Par Alexandre Fontaine Rousseau, David Fortin, Mathieu Li-Goyette, Jean-Marc Limoges et Olivier Thibodeau


photo : B&C Group

THE GANGSTER, THE COP AND THE DEVIL
Lee Won-tae  |  Corée du Sud  |  2019  |  110 minutes  |  Action !

Intitulé littéralement « Histoire de méchants », titre plus apte à décrire la nature quasi identique de ses trois virils protagonistes, cette œuvre débilement machiste, mais ô combien divertissante, amalgame avec flair les trois formes les plus prégnantes du cinéma de genre sud-coréen : le film policier, le film de gangsters et le film de tueurs en série. Sans profondeur dramatique malheureusement, mais avec tout le savoir-faire caractéristique des cinéastes de la péninsule : on n’a beau ne jamais pouvoir distinguer les motivations des trois jambons qui partagent la vedette, il ne s’agit pas moins ici d’une leçon de mise en scène et de montage d’action, un film si fluide dans son exécution qu’il se boit malgré son scénario bourru comme un très grand cru.

C’est la technique qui prime, mais ce n’est pas un problème, puisque le cinéma d’action est essentiellement technique. Le style l’emporte lui aussi sur la substance, et c’est là que réside l’importance de Don Lee, dont la présence à l’écran fait exploser le capital de coolness de la production, tandis que son style de jeu musclé en exacerbe le potentiel de violence. Or, comme ce sont la technique et le style qui sont mis de l’avant par le réalisateur et scénariste Lee Won-tae, l’humanité est reléguée à l’arrière-plan, chacun des personnages se révélant vite comme un simple engrenage dans un système d’honneur basé sur la violence punitive — la recherche obsessive du tueur par les deux autres personnages ne servant finalement qu’à faire de sa mort un exemple dissuasif dans la plus pure tradition conservatrice.

Tous les personnages et toutes leurs motivations sont donc exclusivement mécaniques.
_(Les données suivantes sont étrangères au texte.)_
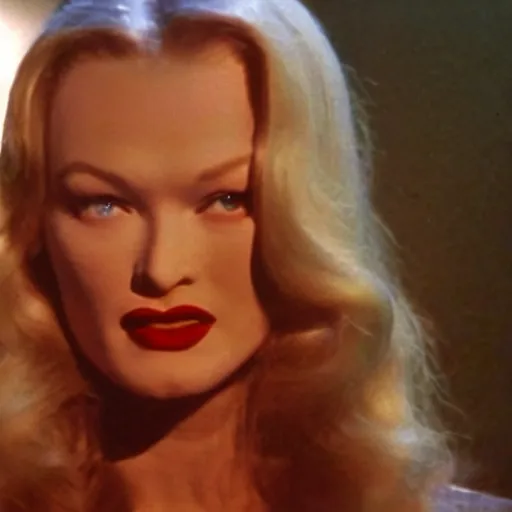 Prompt: veronica lake in a 1980s horror movie, movie still, dramatic lighting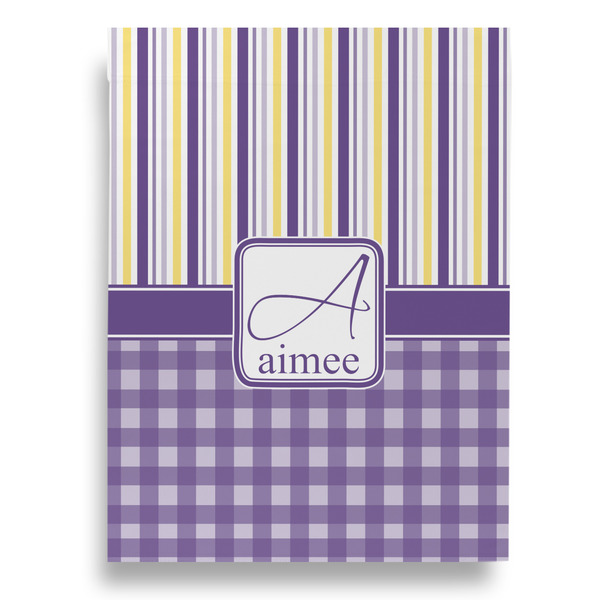 Purple Gingham & Stripe Garden Flags - Large - Double Sided - BACK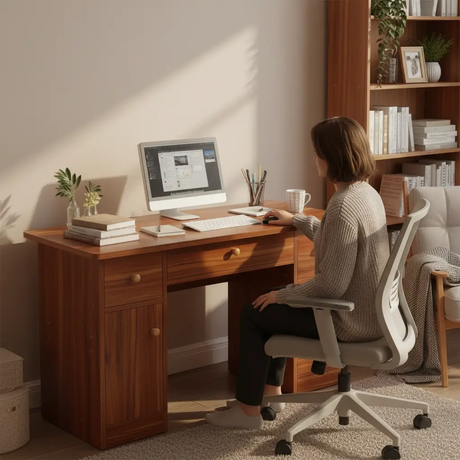 Office Desk - 5-Drawer with Left Door Cabinet and Round Wood Knobs Walnut Furniture Desks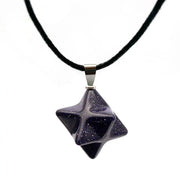 Pendentif Merkaba en pierre de sable bleu sur collier - Mes Bijoux En Pierres Naturelles
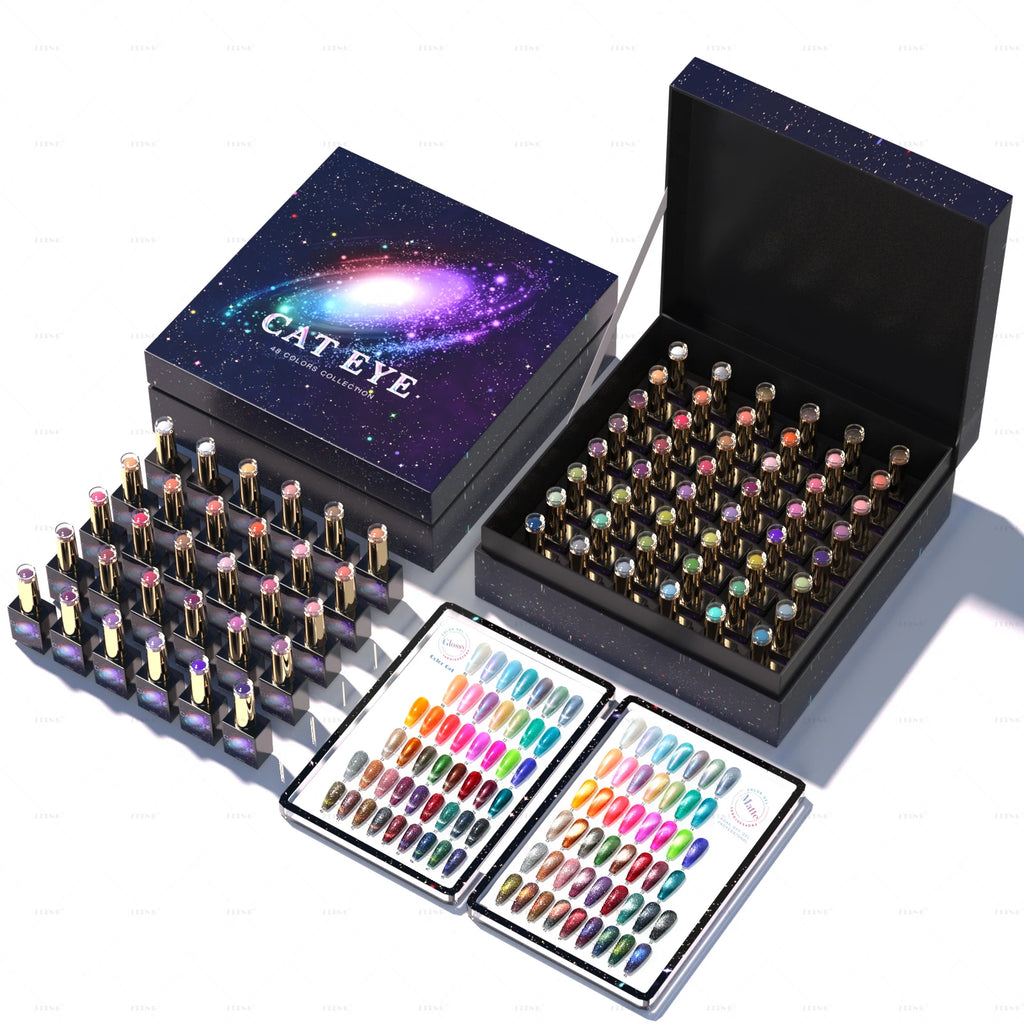 48 Colors Cat Eye Gel Polish Set – Magnetic UV Nail Kit with Box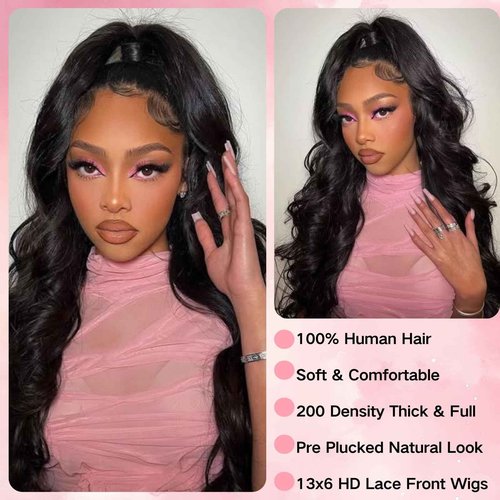 LUCKOKOS 22 Inch 13x6 Body Wave Lace Front Wigs Human Hair 200 Density HD Transparent Lace Front Wigs for Black Women Glueless Frontal Wigs Human Hair Pre Plucked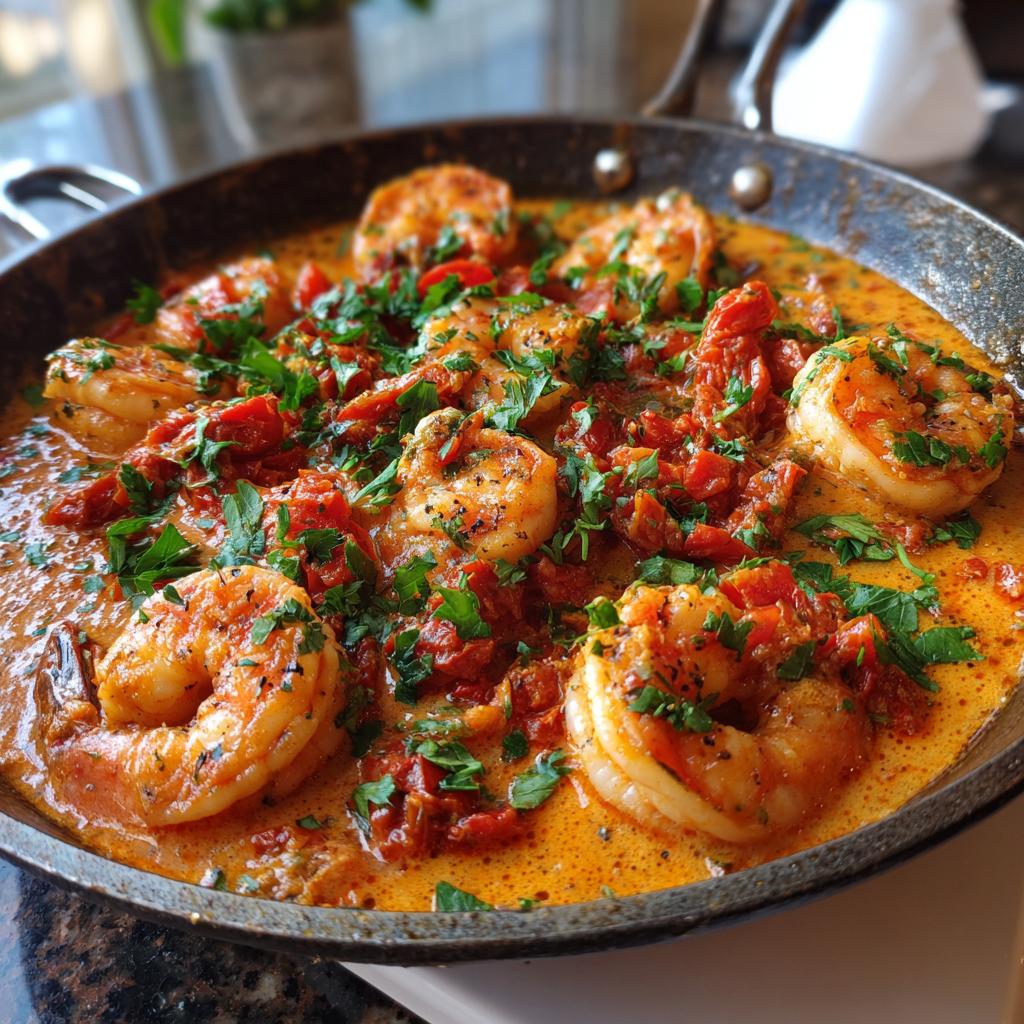 Creamy Sun-Dried Tomato Shrimp Skillet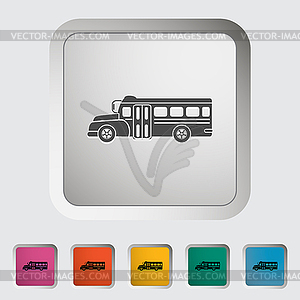 School bus flat icon - vector clipart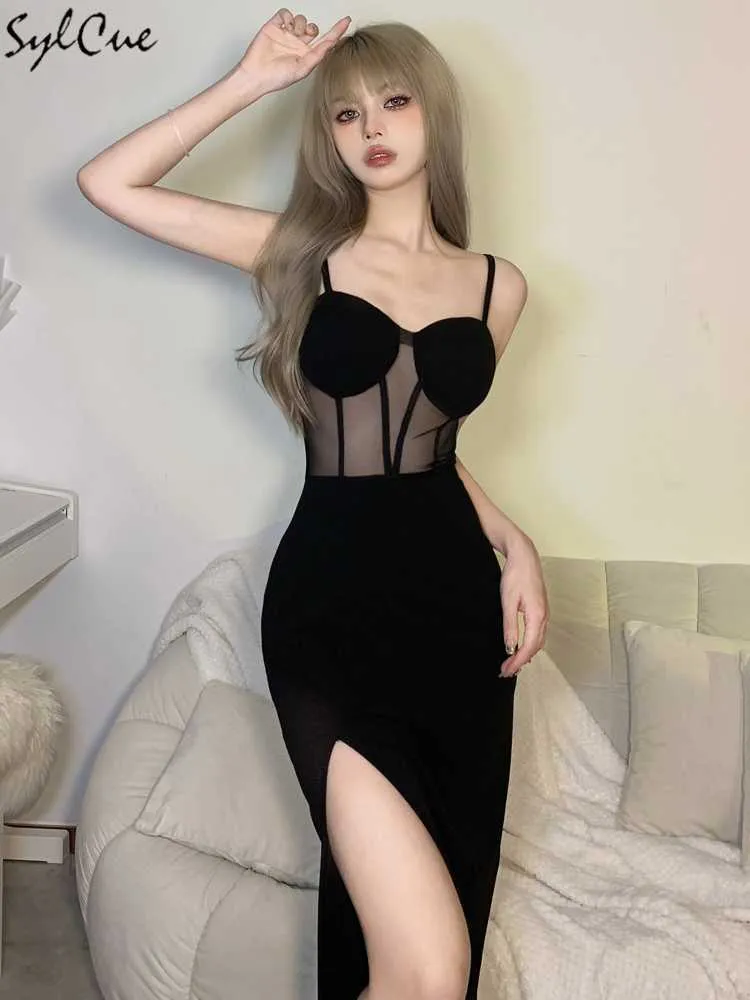 Party Dresses Black Mysterious Sexy Mature Feminine Charm Slim Intellectual Elegant Women's Sling Evening Party Queen Long Dress 230322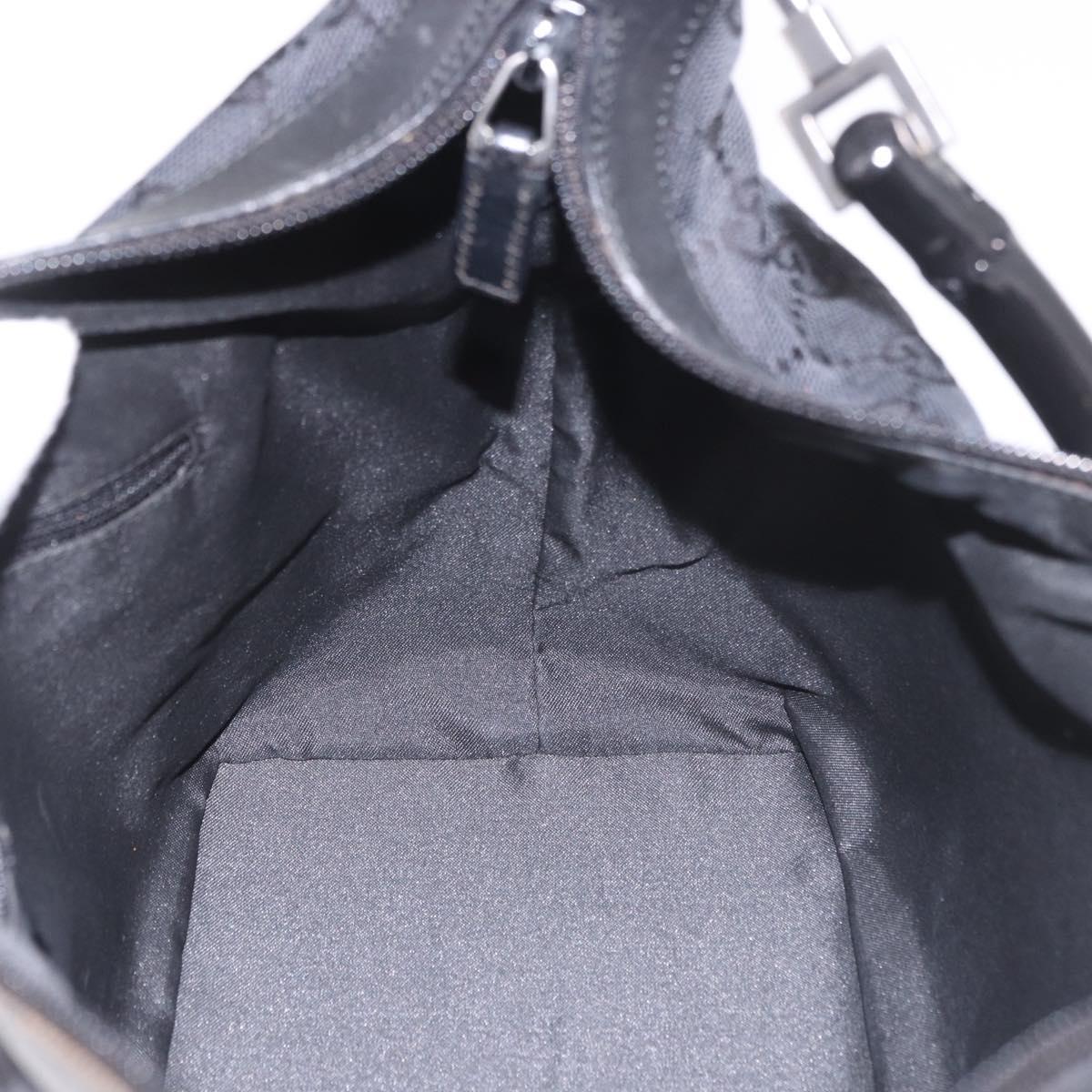 GUCCI Bamboo GG Canvas Shoulder Bag Black Silver 000 0531 Auth 189053A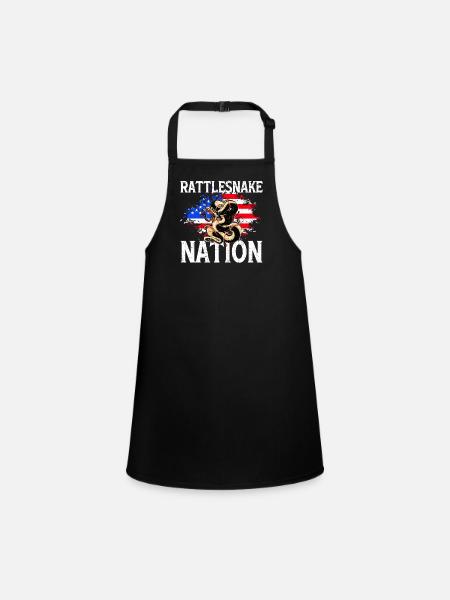 Rattlesnake Nation USA Flag Amphibian Gift - Children's Apron - black - Front
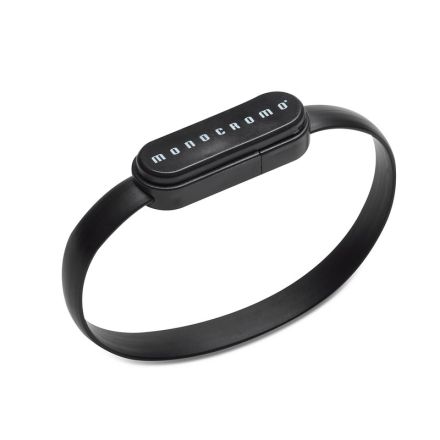 Braccialetto Monocromo Ric./Tr Asm. Dati - Materiale silicone - Logo Monocromo - Attacco USB - Nero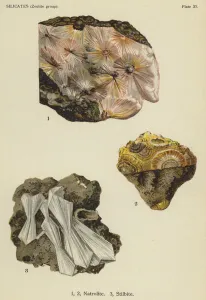 Silicates (zeolite group), natrolite, stilbite (colour litho) Silicates (zeolite group), natrolite, stilbite (colour litho)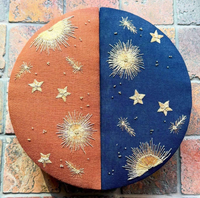 Boîte à dattes personnalisée en lin fait main de qualité supérieure, en forme de demi-lune, pour l'Aïd, le Ramadan, les mariages, avec logo brodé personnalisé, ART INDIAIS EXOTIQUE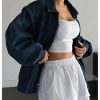 41jaRoBhEcL.jpg Women's Zip Up Denim Jacket Long Sleeve Oversized Jean Jacket Outerwear
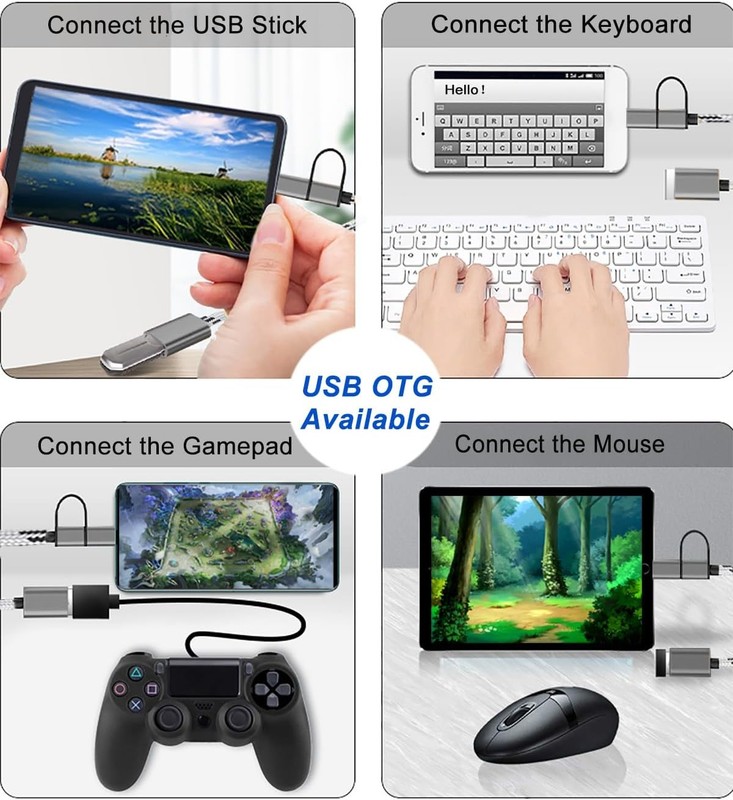 2-in-1 USB C/Micro USB to USB Adapter, USB to USB C OTG Adapter Cable Compatible gallery
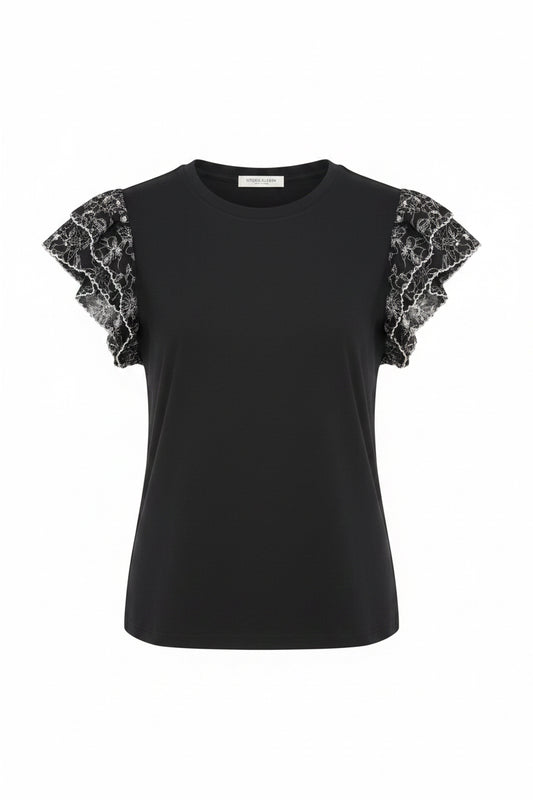 Camiseta con manga estampada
Le gangster, le flic et le diable, équivalents symboliques dans le panthéon de genre sud-coréen, sont ainsi caractérisées comme des brutes insensibles et ultra-pragmatiques, exemptes de vie personnelle et de background intime, affairées uniquement au labeur dans le monde primitif de prédation qui est leur. Ce sont les vecteurs physiques d’une violence qui, couplée avec celle de la caméra et du montage, transforme l’expérience de visionnage en pur rush d’adrénaline. Les scènes de posture macho, le développement parallèle des trois intrigues, les chorégraphies martiales, les scènes de poursuite automobiles et le jeu musclé des interprètes contribuent ainsi à nous garder en haleine constamment, presque du premier au dernier plan, avec quelques rares accalmies. Le résultat est une œuvre parfaitement chorégraphiée, un ballet vigoureux de corps viandeux dont les bruits de chair meurtrie et transpercée servent d’accompagnement musical à leurs athlétiques taloches. C’est le machisme fait art. Purement et simplement. (Olivier Thibodeau)

 


photo : MRGenre Productions

L’INQUIÉTANTE ABSENCE
Amir Belkaim et Félix Brassard  |  Québec  |  2019  |  102 minutes  |  Les Fantastiques week-end du cinéma québécois

Le sujet était tout désigné pour l’événement : des fans de Fantasia interviewent, pendant Fantasia, d’autres fans de Fantasia qui se regarderont à Fantasia (pour l’anecdote, j’ai moi-même fait le saut — ou le sot — en me voyant subrepticement à l’écran, ultime confirmation que nous étions vraiment « entre nous »). On pourrait même, contrairement à ce que laisse présager le titre, parler d’une inquiétante présence, d’une « surprésence », d’une présence à la puissance 10. Comme si le documentaire nous offrait la preuve par X du problème qu’il tentait de dénouer : l’incestueux milieu dans lequel se produit et se consomme le cinéma de genre au Québec. Mais au-delà de cette autocontemplation, de ses mises en scène rudimentaires, de son montage claudiquant et de sa prise de son approximative, il reste que le documentaire d’Amir Belkaim et de Félix Brassard, notamment grâce à la variété et à la générosité de ses nombreux intervenants — fans, spectateurs, organisateurs, producteurs, réalisateurs, acteurs, scénaristes, concepteurs, universitaires (impressionnante brochette à laquelle il ne manquait que quelques voix dissonantes : puristes, critiques, fonctionnaires, subventionnaires) —, réussit tout de même à nous offrir une réponse à la question qui donne le branle à leur enquête.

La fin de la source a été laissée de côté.